## What you have to do
Copy the data as given. No line may be skipped.

[Collected data]
* * * * *

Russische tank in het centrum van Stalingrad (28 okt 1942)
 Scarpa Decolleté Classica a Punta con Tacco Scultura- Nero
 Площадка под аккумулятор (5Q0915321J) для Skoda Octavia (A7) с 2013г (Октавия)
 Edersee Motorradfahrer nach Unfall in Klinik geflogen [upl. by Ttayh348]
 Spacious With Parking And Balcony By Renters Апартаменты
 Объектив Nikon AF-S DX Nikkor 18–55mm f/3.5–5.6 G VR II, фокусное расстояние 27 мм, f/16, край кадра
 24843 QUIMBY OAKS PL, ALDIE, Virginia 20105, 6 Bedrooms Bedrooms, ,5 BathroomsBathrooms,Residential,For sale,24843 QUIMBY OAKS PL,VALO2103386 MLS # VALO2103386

* * * * *

## Task response
Russische tank in het centrum van Stalingrad (28 okt 1942)
 Scarpa Decolleté Classica a Punta con Tacco Scultura- Nero
 Площадка под аккумулятор (5Q0915321J) для Skoda Octavia (A7) с 2013г (Октавия)
 Edersee Motorradfahrer nach Unfall in Klinik geflogen [upl. by Ttayh348]
 Spacious With Parking And Balcony By Renters Апартаменты
 Объектив Nikon AF-S DX Nikkor 18–55mm f/3.5–5.6 G VR II, фокусное расстояние 27 мм, f/16, край кадра
 24843 QUIMBY OAKS PL, ALDIE, Virginia 20105, 6 Bedrooms Bedrooms, ,5 BathroomsBathrooms,Residential,For sale,24843 QUIMBY OAKS PL,VALO2103386 MLS # VALO2103386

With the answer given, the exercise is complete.